Верхом навстречу — казак. Нос широкий — от бега ли, от радости ли — ал. Чуб из-под краснооколышной фуражки мокр от пота. От лошади тепло, и сам казак, теплый и веселый, орет:
— Матросы с казаками братуются!
— Подмога ваша не требуется.
— А нам в город, — сказал архитектор.
— Сколько плотишь? Довезу. У нас вроде перемирье, — ничего не поймешь…
"Усть-Монгольское слово", газета казачьего круга, сообщила о приезде инженера Чокана Балиханова с важным поручением от Центрального правительства.
В этот же день расклеили по городу на дощатых заборах, на стенах деревянных домов списки кандидатов в городскую думу. Рядом со списками — синяя афиша, и на ней: "Долой правительство Керенского! Вся власть Советам!" Ниже этого — список рабочих, кандидатов в Городскую думу, а на первом месте:
Полномочий от центра Чокан Балиханов не имел. Был он в голубоватой форме с множеством нашивок. Черные жесткие волосы острижены коротко, а глаза узкие и быстрые, как горные реки.
Полдень. Стада в степи грызут оттаявшие травы. Глухие, осенние; они скупы, словно камень… эти травы.
Чокан Балиханов и атаман Артемий Трубычев пришли с заседания Комитета общественной безопасности в гостиницу. Владелец гостиницы, немец Шмидт, спросил почтительнейше:
— Слухи различные плывут, на заборах различные афиши, — пройти в вашу комнату не разрешите?
— Успокойтесь, успокойтесь, — сказал Балиханов, — катайтесь на своем иноходце. Ходу переливного иноходец… какие есть в степи кони… ах!
Так и прошел в комнаты, полусощурив длинные глаза.
Олимпиада разливала чай.

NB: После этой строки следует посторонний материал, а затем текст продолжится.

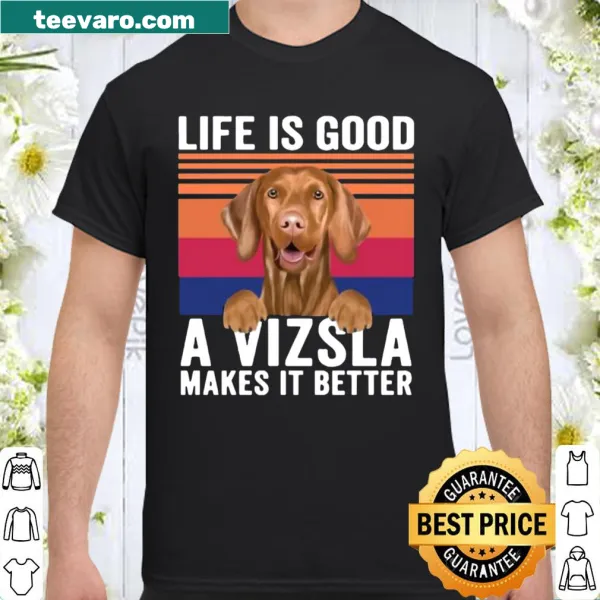 Vintage graphic celebrating the bond with a Vizsla dog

Женщин Балиханов любил полных, чтобы мясо плыло, как огромное стадо с широкими и острыми запахами. Олимпиада ему не нравилась.
— Я в степь еду, — сказал Балиханов и, вспомнив, должно быть, кумыс, охватил чайное блюдечко всей рукой.
— Джатачники к большевикам переходят. Или у вас действительно есть поручения из центра к киргизам?
— Это казаки трусят Запуса и лгут. Я в род свой поеду, джатачников у нас немного: мы — вымрем, а революций у нас не будет.
Говорил он немножко по-книжному, жесты у него быстрые и ломкие.